Ich habe von einer besseren Welt geträumt. Begonnen hat mein Traum allerdings eher wie ein Albtraum. Ich habe eine dieser deprimierenden Studien gelesen – oder wurde sie präsentiert, – die einem vor Augen führen, dass von Chancengleichheit noch immer keine Rede sein kann. 

An eine feurige Diskussion mag ich mich erinnern. Wohl wurde die Studie also doch eher einer Gruppe, von der ich Teil war, präsentiert. Empörte Ausrufe folgten der Präsentation: «Was haben wir nicht schon alles versucht?!» «Allen Schülern haben wir kostenlose Lernhilfen zur Seite gestellt.» «Studiengebühren haben wir abgeschafft!» «Alles ohne Erfolg!» Noch immer schafft es nur ein Bruchteil aller Kinder, deren Eltern nicht schon Akademiker sind, zu einen Uniabschluss.

Eine Stimme mit viel Gehalt an natürlicher Autorität brachte den Aufruhr zum Verstummen. «Diese Studien lassen nur einen Schluss zu», folgerte die Stimme. «Dass nämlich die grösste Hürde beim sozialen Aufstieg, die Familie ist. Eltern, die den Aufstieg nicht geschafft haben, könne oder wollen offenbar Ihren Kindern nicht die nötige Motivation vermitteln, die es braucht, bis zum Studienabschluss durchzuhalten.» 

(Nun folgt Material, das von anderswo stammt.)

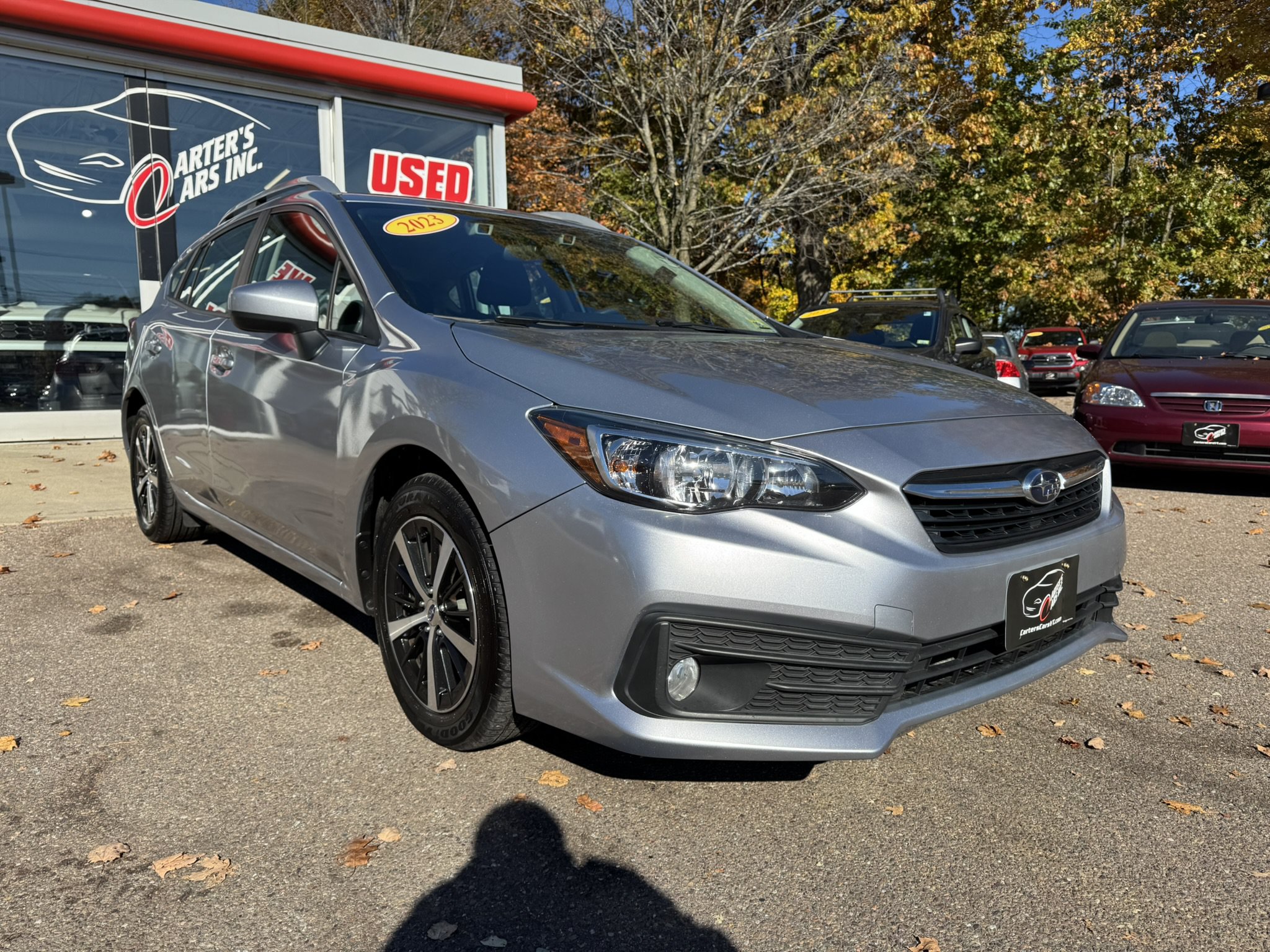 Used 2023 Subaru Impreza 2.0i Premium AWD/4WD image 3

«Wir können so weitermachen», fuhr die die Stimme ironisch fort. «Und können als nächstes versuchen, direkter auf die Eltern einzuwirken. Versuchen sie im Rahmen von Elternabenden oder an speziellen Veranstaltungen von der Wichtigkeit, ihren Kindern eine Perspektive zu geben, zu überzeugen. Wenn man aber weiss, wie viele Eltern generell Informationsveranstaltungen an Schulen fernbleiben, sind Zweifel, ob der Ansatz funktionieren wird, mehr als angebracht.»

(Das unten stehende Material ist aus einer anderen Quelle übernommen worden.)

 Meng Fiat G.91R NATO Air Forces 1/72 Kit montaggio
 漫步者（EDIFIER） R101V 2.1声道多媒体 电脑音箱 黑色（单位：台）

«Nein! Wir dürfen nicht länger zulassen, dass Eltern die Zukunft Ihrer Kinder durch Gleichgültigkeit ruinieren! Nur wenn wir Eltern gänzlich die Erziehung entziehen und in staatliche Obhut geben, werden wir dieser Benachteiligung Herr werden. So können wir verhindern, dass unterbelichtete Eltern das Potenzial ihrer Kinder nicht erkennen. Gleichzeitig verhindern wir, dass begüterte Eltern ihrem unterbelichteten Nachwuchs einen unfairen Vorteil verschaffen!» 

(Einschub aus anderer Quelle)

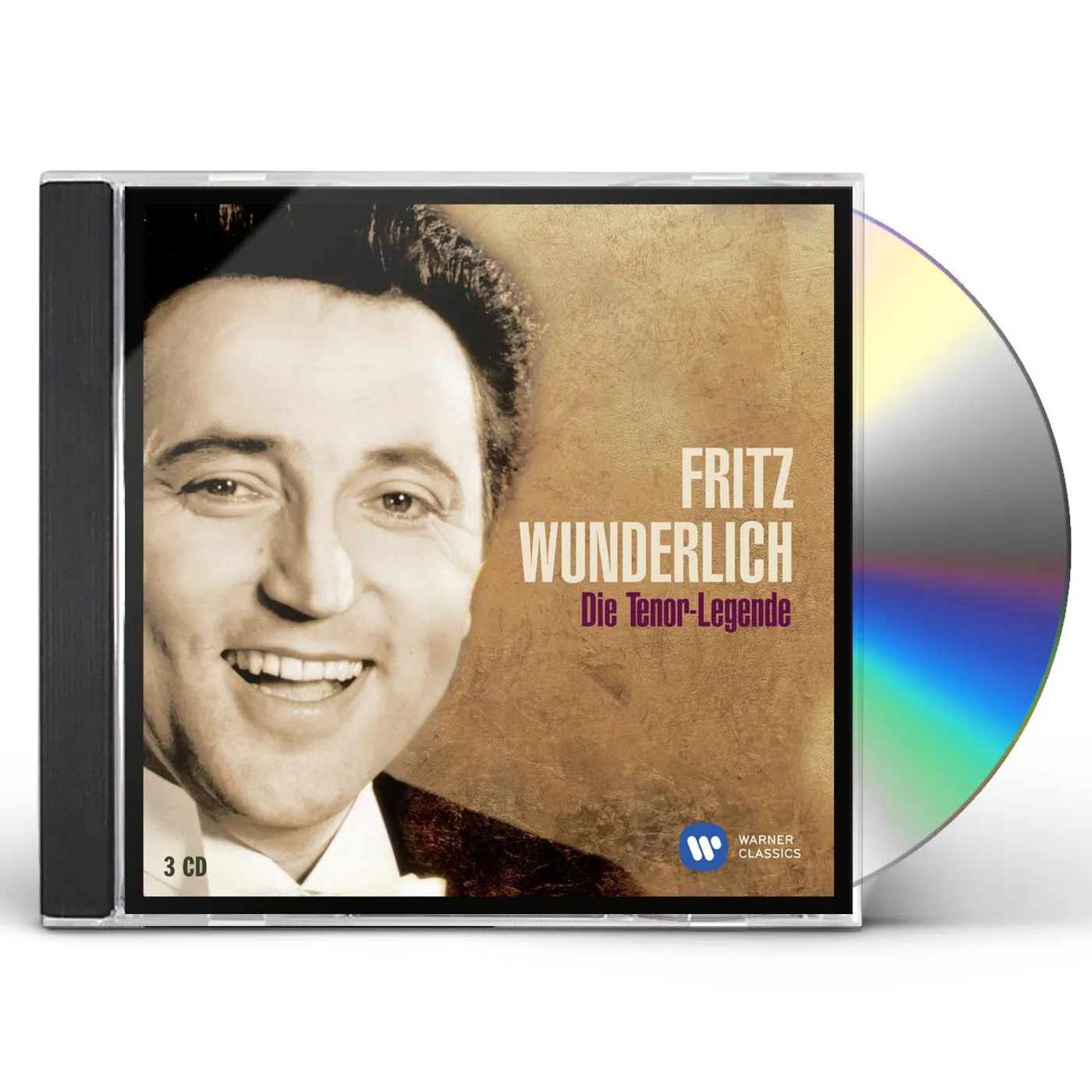 Fritz Wunderlich DIE TENOR-LEGENDE CD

Das Ende des Traumes war eher diffus. Ich erinnere mich, dass die Begeisterung für diesen Vorschlag riesig war. Es gab sogar feurige Voten, die gar verlangten, noch weiterzugehen und die Fortpflanzung in staatliche Hände zu legen. Ob etwas von den Forderungen umgesetzt wurde, liess der Traum offen oder entzieht sich meiner Erinnerung. Es scheint mir jetzt auch gar nicht mehr klar, ob wir da als Gremium, das solche Ideen umsetzen könnte, zusammenkamen oder ob wir bloss Teil einer politischen Versammlung waren. Aber das spielt eigentlich gar keine Rolle. Die Forderung scheint mir auch so überzeugend genug, um sie mir auf die Fahne zu schreiben.